We all know the price for freedom is our data. And this results in a personalised social media feed (with their targeted ads) based on what you like and who you are. Facebook knows everything about us and the more we use it, the more the algorithms it uses to target us are perfected. It can super-target us in a way that advertisers of the past could only dream of. But, ask a noble group of folks at MIT:
“Why don’t social media platforms like Facebook and Twitter give users powerful tools to filter their own feeds? Right now, the algorithms control what we see, but we can’t control them.”
To overcome this control (or lack thereof) problem, they have created an application called Gobo, (after the cut outs you put in front of stage lighting to cast effects). The intention? They say:
“…the real goal behind Gobo is to open a conversation about who gets to filter what you see on the web. If we prompt a conversation about why platforms don’t give you more control over what you see, we’d be really happy. If Facebook or another platform incorporated ideas from Gobo in their own design, we’d throw a party. We’d even invite you.”
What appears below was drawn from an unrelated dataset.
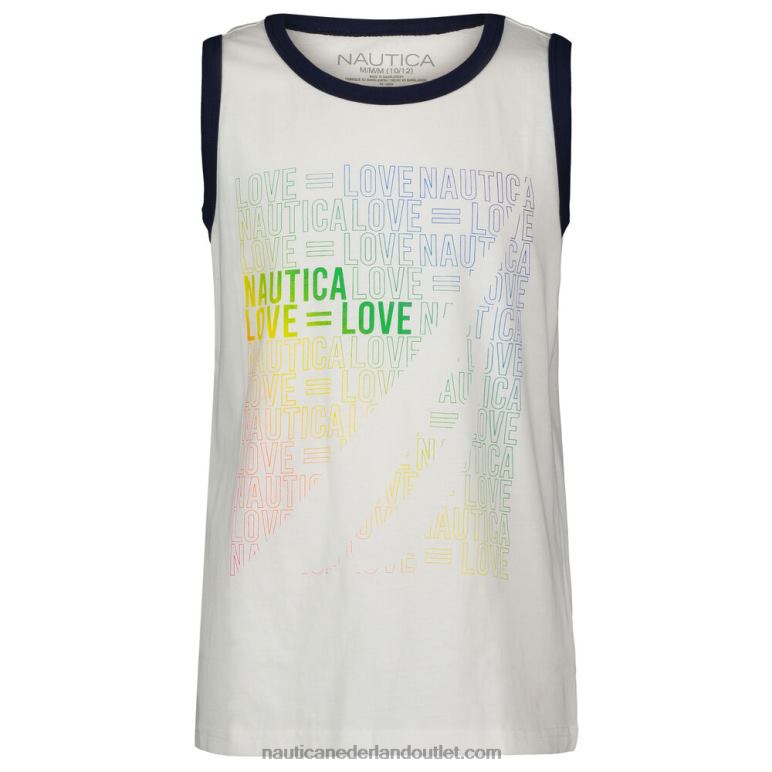 Pride love tanktop voor jongens (8-20) antieke whitewash Nautica 0828F597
When I discover projects like this, tackling the problems that we see arising (the unforeseen consequences) as a result of the use and abuse of social media, I feel better that, even if the lawmakers of the world aren’t yet looking to the wisdom of crowds to solve legal challenges, crowd-members themselves are taking matters into their own hands and fighting the good fight. It reinforces my view that we are still in the Wild West of this new era of technological progress, but helps me have faith that balance will eventually be restored.